▶ [EXERCISE GOAL]
Transcribe the entries that follow, word for word.

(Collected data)
[Start of Attachment]

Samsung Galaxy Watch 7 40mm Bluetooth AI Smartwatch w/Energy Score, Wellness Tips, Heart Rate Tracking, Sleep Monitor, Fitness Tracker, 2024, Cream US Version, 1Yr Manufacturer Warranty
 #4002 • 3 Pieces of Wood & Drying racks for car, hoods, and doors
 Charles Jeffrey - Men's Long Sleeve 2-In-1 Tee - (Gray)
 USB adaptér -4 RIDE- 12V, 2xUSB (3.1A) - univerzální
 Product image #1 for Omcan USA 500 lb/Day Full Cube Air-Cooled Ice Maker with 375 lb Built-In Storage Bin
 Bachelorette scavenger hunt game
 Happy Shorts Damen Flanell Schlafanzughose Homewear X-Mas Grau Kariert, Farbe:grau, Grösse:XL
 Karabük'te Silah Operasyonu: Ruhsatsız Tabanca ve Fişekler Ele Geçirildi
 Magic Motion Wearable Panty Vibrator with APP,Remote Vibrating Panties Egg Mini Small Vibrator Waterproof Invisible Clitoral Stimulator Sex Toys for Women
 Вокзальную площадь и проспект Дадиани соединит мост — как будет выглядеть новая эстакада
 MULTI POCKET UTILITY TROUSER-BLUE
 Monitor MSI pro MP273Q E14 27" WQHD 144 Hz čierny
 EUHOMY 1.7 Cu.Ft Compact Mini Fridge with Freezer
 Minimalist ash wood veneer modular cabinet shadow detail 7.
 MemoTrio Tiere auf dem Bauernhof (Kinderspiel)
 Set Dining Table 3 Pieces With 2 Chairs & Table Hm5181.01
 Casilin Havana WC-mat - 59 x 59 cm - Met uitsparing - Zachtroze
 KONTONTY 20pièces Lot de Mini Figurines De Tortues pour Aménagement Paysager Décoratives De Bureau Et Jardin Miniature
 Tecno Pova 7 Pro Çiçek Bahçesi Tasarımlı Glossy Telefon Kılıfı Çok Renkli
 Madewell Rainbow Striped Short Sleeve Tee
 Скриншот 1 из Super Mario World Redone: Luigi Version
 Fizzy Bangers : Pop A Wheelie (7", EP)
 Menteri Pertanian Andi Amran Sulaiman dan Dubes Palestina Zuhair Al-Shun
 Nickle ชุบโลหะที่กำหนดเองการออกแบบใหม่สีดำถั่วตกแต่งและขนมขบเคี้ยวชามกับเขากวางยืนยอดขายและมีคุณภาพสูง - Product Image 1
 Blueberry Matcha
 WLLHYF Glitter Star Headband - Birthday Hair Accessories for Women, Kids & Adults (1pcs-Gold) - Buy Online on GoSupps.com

[End of Attachment]

▶ [EXERCISE RESPONSE]
Samsung Galaxy Watch 7 40mm Bluetooth AI Smartwatch w/Energy Score, Wellness Tips, Heart Rate Tracking, Sleep Monitor, Fitness Tracker, 2024, Cream US Version, 1Yr Manufacturer Warranty
 #4002 • 3 Pieces of Wood & Drying racks for car, hoods, and doors
 Charles Jeffrey - Men's Long Sleeve 2-In-1 Tee - (Gray)
 USB adaptér -4 RIDE- 12V, 2xUSB (3.1A) - univerzální
 Product image #1 for Omcan USA 500 lb/Day Full Cube Air-Cooled Ice Maker with 375 lb Built-In Storage Bin
 Bachelorette scavenger hunt game
 Happy Shorts Damen Flanell Schlafanzughose Homewear X-Mas Grau Kariert, Farbe:grau, Grösse:XL
 Karabük'te Silah Operasyonu: Ruhsatsız Tabanca ve Fişekler Ele Geçirildi
 Magic Motion Wearable Panty Vibrator with APP,Remote Vibrating Panties Egg Mini Small Vibrator Waterproof Invisible Clitoral Stimulator Sex Toys for Women
 Вокзальную площадь и проспект Дадиани соединит мост — как будет выглядеть новая эстакада
 MULTI POCKET UTILITY TROUSER-BLUE
 Monitor MSI pro MP273Q E14 27" WQHD 144 Hz čierny
 EUHOMY 1.7 Cu.Ft Compact Mini Fridge with Freezer
 Minimalist ash wood veneer modular cabinet shadow detail 7.
 MemoTrio Tiere auf dem Bauernhof (Kinderspiel)
 Set Dining Table 3 Pieces With 2 Chairs & Table Hm5181.01
 Casilin Havana WC-mat - 59 x 59 cm - Met uitsparing - Zachtroze
 KONTONTY 20pièces Lot de Mini Figurines De Tortues pour Aménagement Paysager Décoratives De Bureau Et Jardin Miniature
 Tecno Pova 7 Pro Çiçek Bahçesi Tasarımlı Glossy Telefon Kılıfı Çok Renkli
 Madewell Rainbow Striped Short Sleeve Tee
 Скриншот 1 из Super Mario World Redone: Luigi Version
 Fizzy Bangers : Pop A Wheelie (7", EP)
 Menteri Pertanian Andi Amran Sulaiman dan Dubes Palestina Zuhair Al-Shun
 Nickle ชุบโลหะที่กำหนดเองการออกแบบใหม่สีดำถั่วตกแต่งและขนมขบเคี้ยวชามกับเขากวางยืนยอดขายและมีคุณภาพสูง - Product Image 1
 Blueberry Matcha
 WLLHYF Glitter Star Headband - Birthday Hair Accessories for Women, Kids & Adults (1pcs-Gold) - Buy Online on GoSupps.com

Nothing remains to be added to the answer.